SBIFF is a sufficiently large, diverse and broadly-intentioned festival that it serves many needs and tastes. Many crave the Hollywood celebrity factor and the English language programming. Some flock to social justice documentaries, and some seek out anything with a surfing theme. Some gorge on cinema of all stripes, taking advantage of this once-a-year cavalcade of film in our town, while others heed the plan of maybe catching one or two films during the fest.

And some of us enjoy many aspects of the festival, but mostly appreciate the international component of the program. Which is why the introduction of the new “International Directors Panel” this year — held at the Arlington on Sunday afternoon — is a great idea whose time has come, and should stay.

Festival head Durling, himself an avid fan of the international component of cinema and of this fest, presided over the all-star panel onstage, which included Oscar noms Colm Bairead (The Quiet Girl), Edward Berger (All Quiet on the Western Front), Lukas Dhont (Close), Santiago Mitre (Argentina, 1985) and veteran Polish director behind the miraculous Bresson-influenced Donkey’s eye view EO, Jerzy Skolimowski. Durling pointed out that Skolimowski was a co-writer on the classic early Roman Polanski film Knife in the Water.

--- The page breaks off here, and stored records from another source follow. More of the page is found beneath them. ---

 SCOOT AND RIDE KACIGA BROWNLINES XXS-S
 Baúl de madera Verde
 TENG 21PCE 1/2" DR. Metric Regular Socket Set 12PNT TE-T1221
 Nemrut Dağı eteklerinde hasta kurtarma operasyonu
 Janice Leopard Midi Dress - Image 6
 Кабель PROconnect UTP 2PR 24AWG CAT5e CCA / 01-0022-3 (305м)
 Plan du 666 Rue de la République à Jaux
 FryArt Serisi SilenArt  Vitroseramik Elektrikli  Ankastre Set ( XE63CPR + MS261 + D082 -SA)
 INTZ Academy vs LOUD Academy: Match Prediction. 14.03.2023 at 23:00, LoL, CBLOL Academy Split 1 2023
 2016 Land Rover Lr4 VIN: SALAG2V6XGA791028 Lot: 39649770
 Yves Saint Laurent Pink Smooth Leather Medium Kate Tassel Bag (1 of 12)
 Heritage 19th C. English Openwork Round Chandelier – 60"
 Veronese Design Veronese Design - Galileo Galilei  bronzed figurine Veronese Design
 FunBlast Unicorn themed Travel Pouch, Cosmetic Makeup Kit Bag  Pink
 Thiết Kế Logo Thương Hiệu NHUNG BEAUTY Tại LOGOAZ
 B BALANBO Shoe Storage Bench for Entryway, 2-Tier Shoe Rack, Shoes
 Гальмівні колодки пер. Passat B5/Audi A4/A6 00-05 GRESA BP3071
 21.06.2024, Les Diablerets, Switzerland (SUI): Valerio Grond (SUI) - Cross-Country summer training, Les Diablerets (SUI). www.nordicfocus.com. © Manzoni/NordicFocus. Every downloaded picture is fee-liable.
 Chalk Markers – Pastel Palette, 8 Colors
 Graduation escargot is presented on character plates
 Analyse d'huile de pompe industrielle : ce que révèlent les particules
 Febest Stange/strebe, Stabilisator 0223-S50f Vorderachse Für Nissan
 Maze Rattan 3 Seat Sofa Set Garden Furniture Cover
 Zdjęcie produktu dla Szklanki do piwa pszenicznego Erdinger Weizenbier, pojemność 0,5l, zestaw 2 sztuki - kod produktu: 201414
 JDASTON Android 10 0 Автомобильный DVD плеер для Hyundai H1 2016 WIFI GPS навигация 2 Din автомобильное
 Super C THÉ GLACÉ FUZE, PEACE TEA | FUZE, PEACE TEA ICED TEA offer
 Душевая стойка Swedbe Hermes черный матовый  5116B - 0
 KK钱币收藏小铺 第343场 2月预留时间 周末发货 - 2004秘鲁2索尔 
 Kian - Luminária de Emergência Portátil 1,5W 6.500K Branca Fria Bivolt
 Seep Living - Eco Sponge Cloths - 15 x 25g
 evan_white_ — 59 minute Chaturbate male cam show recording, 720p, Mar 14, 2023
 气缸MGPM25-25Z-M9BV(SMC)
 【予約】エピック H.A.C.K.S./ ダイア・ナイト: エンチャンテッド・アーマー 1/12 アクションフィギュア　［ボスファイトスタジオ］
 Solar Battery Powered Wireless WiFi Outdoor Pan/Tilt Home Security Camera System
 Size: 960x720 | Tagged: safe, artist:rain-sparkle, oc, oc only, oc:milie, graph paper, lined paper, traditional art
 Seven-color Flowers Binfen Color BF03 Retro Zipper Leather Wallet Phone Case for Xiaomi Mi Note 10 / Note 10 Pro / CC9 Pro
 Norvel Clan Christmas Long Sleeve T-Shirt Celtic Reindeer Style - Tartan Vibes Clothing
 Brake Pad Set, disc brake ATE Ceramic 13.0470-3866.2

And after going through each of the younger directors, it was the witty and wise Skolimowski who created a circular appreciation of the gathered artists. “I have seen all of their films and I love each one,” he said. “They are all the best films, adding with a smile, “including mine.”

He compared EO to the quiet films Close and The Quiet Girl, saying “I am in the same league, talking about things that are difficult to say in words. We tried to give a voice to the voiceless.” Skolimowski also expressed his admiration of Berger’s comment about trying to get various filmmaking factors behind the idea of “being in the stomach of Paul” (the haunted soldier protagonist in All Quiet). Getting into the stomach, heart and mind of characters is a key goal of cinema, here and especially abroad. 

Long Ago and No So Far Away

Just hearing the healthy smattering of Carpenters music in the latest in the line of Carpenters films and docs, Karen Carpenter: Starving for Perfection, fills the heart and ears with her highly personal form of timeless beauty and wonder. It reminds us that, whatever your musical taste or hipness code, hers was one of the great pop voices of all time. That makes her tragic early deaths of anorexia, at age 32, all the more painful, and her story all the more exploitable. 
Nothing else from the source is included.